ASSIGNMENT:
Each line from the start of the records through the line containing "Photo of 2004 Acura TL" is to be transcribed exactly, and no other line is to be included.

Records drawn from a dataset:
Start of Block

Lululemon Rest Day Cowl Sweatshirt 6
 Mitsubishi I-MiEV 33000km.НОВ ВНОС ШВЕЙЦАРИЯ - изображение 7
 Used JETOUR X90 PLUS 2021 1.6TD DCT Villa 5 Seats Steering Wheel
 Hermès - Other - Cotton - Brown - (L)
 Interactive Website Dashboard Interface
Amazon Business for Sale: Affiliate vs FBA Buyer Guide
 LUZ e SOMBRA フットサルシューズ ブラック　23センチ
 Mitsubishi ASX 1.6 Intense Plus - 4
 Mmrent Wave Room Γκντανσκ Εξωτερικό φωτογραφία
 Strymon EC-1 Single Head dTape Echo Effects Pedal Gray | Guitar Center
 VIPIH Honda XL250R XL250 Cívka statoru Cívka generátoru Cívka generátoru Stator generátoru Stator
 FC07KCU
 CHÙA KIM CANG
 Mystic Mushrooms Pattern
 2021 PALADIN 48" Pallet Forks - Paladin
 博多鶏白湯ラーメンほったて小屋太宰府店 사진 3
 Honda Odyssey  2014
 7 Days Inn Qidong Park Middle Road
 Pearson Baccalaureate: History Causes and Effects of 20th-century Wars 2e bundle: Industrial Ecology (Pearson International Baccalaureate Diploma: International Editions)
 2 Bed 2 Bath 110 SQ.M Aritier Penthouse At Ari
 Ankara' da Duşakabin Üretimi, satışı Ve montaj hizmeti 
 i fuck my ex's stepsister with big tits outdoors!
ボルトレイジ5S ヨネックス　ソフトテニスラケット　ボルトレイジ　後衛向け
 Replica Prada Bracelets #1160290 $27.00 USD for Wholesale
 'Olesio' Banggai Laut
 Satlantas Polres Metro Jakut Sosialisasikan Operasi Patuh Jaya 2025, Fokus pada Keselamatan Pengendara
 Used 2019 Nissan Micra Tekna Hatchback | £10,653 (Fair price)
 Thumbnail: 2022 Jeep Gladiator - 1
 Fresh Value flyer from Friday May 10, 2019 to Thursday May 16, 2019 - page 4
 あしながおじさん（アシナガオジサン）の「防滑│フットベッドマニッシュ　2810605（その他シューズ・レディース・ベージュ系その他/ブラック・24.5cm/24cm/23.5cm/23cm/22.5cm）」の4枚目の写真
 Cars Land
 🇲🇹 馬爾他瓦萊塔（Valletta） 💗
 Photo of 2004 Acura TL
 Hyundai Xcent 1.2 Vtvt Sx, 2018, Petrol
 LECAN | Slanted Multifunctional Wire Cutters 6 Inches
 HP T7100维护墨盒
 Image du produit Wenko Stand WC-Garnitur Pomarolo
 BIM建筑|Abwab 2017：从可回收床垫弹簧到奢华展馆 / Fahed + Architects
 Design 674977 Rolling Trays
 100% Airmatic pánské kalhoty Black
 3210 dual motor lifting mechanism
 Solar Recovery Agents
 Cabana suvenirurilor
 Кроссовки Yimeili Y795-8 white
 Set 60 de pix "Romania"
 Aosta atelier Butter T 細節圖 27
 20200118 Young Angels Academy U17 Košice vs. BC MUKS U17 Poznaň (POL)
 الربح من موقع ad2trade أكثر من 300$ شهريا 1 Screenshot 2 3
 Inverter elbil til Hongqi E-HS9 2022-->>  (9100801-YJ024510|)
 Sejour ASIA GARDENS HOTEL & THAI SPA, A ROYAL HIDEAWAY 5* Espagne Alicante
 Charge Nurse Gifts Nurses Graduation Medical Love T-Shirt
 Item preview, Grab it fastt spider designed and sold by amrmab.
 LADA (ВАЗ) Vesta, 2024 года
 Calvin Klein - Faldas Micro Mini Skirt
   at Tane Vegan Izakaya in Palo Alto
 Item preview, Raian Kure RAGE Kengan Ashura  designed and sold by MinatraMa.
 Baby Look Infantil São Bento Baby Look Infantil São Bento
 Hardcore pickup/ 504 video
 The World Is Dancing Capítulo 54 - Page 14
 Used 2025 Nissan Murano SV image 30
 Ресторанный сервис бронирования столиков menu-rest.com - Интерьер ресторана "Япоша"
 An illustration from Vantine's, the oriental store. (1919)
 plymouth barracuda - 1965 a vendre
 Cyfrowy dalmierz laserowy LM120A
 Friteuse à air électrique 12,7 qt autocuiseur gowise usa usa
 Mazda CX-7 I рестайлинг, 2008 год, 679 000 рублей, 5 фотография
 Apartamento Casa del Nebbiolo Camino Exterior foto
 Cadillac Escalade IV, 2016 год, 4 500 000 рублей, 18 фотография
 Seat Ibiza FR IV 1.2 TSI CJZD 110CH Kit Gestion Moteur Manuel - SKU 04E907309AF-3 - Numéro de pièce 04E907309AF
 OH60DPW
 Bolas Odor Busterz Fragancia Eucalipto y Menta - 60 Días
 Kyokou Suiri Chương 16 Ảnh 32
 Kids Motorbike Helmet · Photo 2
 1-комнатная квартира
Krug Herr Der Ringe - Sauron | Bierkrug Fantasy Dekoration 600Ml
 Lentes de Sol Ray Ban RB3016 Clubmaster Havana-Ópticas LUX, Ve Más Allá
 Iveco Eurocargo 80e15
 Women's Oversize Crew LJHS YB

End of Block

SOLVED EXERCISE:
Lululemon Rest Day Cowl Sweatshirt 6
 Mitsubishi I-MiEV 33000km.НОВ ВНОС ШВЕЙЦАРИЯ - изображение 7
 Used JETOUR X90 PLUS 2021 1.6TD DCT Villa 5 Seats Steering Wheel
 Hermès - Other - Cotton - Brown - (L)
 Interactive Website Dashboard Interface
Amazon Business for Sale: Affiliate vs FBA Buyer Guide
 LUZ e SOMBRA フットサルシューズ ブラック　23センチ
 Mitsubishi ASX 1.6 Intense Plus - 4
 Mmrent Wave Room Γκντανσκ Εξωτερικό φωτογραφία
 Strymon EC-1 Single Head dTape Echo Effects Pedal Gray | Guitar Center
 VIPIH Honda XL250R XL250 Cívka statoru Cívka generátoru Cívka generátoru Stator generátoru Stator
 FC07KCU
 CHÙA KIM CANG
 Mystic Mushrooms Pattern
 2021 PALADIN 48" Pallet Forks - Paladin
 博多鶏白湯ラーメンほったて小屋太宰府店 사진 3
 Honda Odyssey  2014
 7 Days Inn Qidong Park Middle Road
 Pearson Baccalaureate: History Causes and Effects of 20th-century Wars 2e bundle: Industrial Ecology (Pearson International Baccalaureate Diploma: International Editions)
 2 Bed 2 Bath 110 SQ.M Aritier Penthouse At Ari
 Ankara' da Duşakabin Üretimi, satışı Ve montaj hizmeti 
 i fuck my ex's stepsister with big tits outdoors!
ボルトレイジ5S ヨネックス　ソフトテニスラケット　ボルトレイジ　後衛向け
 Replica Prada Bracelets #1160290 $27.00 USD for Wholesale
 'Olesio' Banggai Laut
 Satlantas Polres Metro Jakut Sosialisasikan Operasi Patuh Jaya 2025, Fokus pada Keselamatan Pengendara
 Used 2019 Nissan Micra Tekna Hatchback | £10,653 (Fair price)
 Thumbnail: 2022 Jeep Gladiator - 1
 Fresh Value flyer from Friday May 10, 2019 to Thursday May 16, 2019 - page 4
 あしながおじさん（アシナガオジサン）の「防滑│フットベッドマニッシュ　2810605（その他シューズ・レディース・ベージュ系その他/ブラック・24.5cm/24cm/23.5cm/23cm/22.5cm）」の4枚目の写真
 Cars Land
 🇲🇹 馬爾他瓦萊塔（Valletta） 💗
 Photo of 2004 Acura TL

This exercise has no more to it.